As you take on a more hands-on approach to money management, you will certainly come across some of the most common financial problems that plague your finances. There might even be times when you find it hard to pinpoint exactly where the problem is. You know that you are coming up short on payments every month or that your debt account seems to get bigger every time but you cannot find the culprit.
There are a number of challenges which you will face when you manage your finances. This is to be expected in all areas of your life. Whether you are starting out with a new relationship, having a baby for the first time, or even buying a home you can call your own for your family, there will always be struggles.
The idea in all these is to find the root cause of the problem and address it at its core. If you choose to ignore it, the more complicated it can get in the future. The same with your money and dealing with common financial problems, you have to look at where the struggles are and find a way to make the necessary correction.

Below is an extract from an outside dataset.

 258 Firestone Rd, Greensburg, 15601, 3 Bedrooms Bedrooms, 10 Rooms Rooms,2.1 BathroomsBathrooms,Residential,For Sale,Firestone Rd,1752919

If you are having a difficult time looking for the areas in your finances where most of the problems happen, here are a few of them worth looking into. Take note that this is just a list of the most common money challenges and you still need to look at your current situation. There is a good chance that you could have different challenges you have to face.
Weak emergency fund
The NYTimes shares that the most ideal emergency fund savings consumers have is six-weeks worth of take-home pay. The problem is that the same survey revealed that two-thirds do not have this kind of financial buffer. This could prove to be a big problem because the six-week buffer might not be enough to cover for big emergencies.
You have to understand that the main reason why you are setting money aside for your emergency fund is to help you address sudden changes in your finances. This can be anything from sudden repairs you need at home, getting sick, or even losing your job. Emergencies not only come when you least expect it but the situations can be anything from mild to severe situations.
This is the reason why you need to make sure that you always set aside an amount to help you increase and strengthen your emergency fund over the year. It is challenging to get it to the amount you need in just a month or two because you might overlook other important funds as well. Work on it slowly as it will also help you manage your financial stress knowing you can address emergencies that come your way.
Huge household debt
When you start talking about common financial problems, one thing that will pop-up often will be debt obligations and how massive it has grown over the years. CNN shares that US household debt is at $14 trillion at present. This includes mortgage loans, student loans, credit card debt, and other forms of consumer debt.
There are a number of reasons why consumer debt has increased year on year including low borrowing costs, high employment rate, both of which result in strong consumer confidence. These factors can make you borrow money knowing you can easily pay it back. As a result, your debt obligations increase over time.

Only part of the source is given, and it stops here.